By Tim Copeland
3 min read
4Chan, the bulletin board the internet loves to hate, hit the news today as the source of the alt-right NPC meme that Twitter has been desperately trying to ban. But while the website and its love of memes continue to irk just about everybody, over on its business and finance board, known as /biz/, there's a community of crypto lovers that have been celebrating their (modest) notoriety for more respectable reasons.

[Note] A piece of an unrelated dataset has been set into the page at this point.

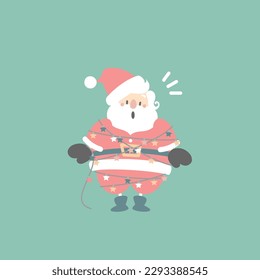 merry christmas and happy new year with cute santa claus in the winter season green background, flat vector illustration cartoon character costume design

In this cozy corner of the internet, they're huge fans of an obscure coin that has, until today been languishing in 53rd in the coin market cap rankings. Chainlink is an oracle provider, something that connects blockchains to external data sources. While not as sexy as a 3,000 transactions-per-second platform like EOS nor an anonymous coin promising drastically reduced fees like Monero, it's been picked as the perfect partner for the Web3 Foundation--a steward for the decentralized web--and its Polkadot project, a protocol designed to connect private and public blockchains in a wider ecosystem.

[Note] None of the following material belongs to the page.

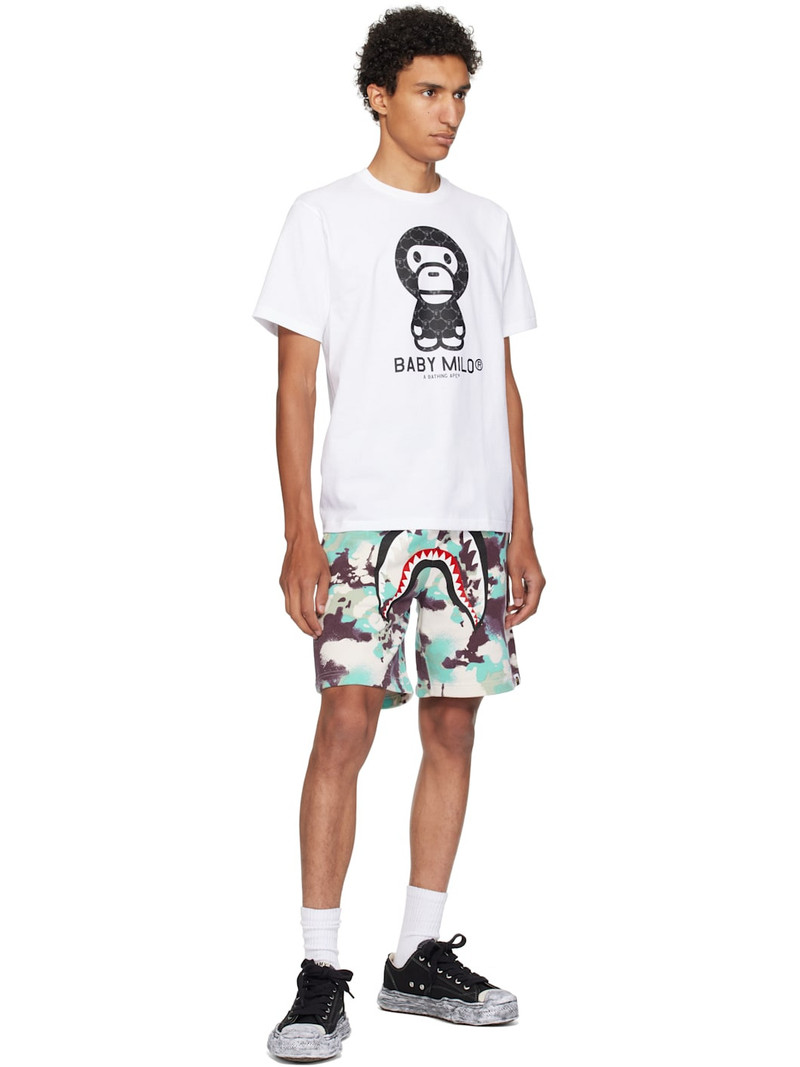 A BATHING APE® White College Monogram Baby Milo T-shirt outlook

It's big news for Chainlink, which has only just gone live on two testnets earlier this month. In that time however, its managed to combine its oracle with package delivery data from FedEx, flight information from FlightStats and cryptocurrency price data from three websites.
Chainlink is planning to do much the same for Polkadot, acting as a verifier of truth out in the real world. The oracle provider works by collecting real-world data from multiple sources. Its nodes check and verify the data with other nodes to ensure results are consistent, and then adds that data to a smart contract that acts out its prescribed action on its chosen blockchain. As Chainlink is decentralized, the data should, in theory, be tamper proof and accurate. The end goal is to enable smart contracts to execute based on real-world events, such as a bet automatically settling after the match has been won.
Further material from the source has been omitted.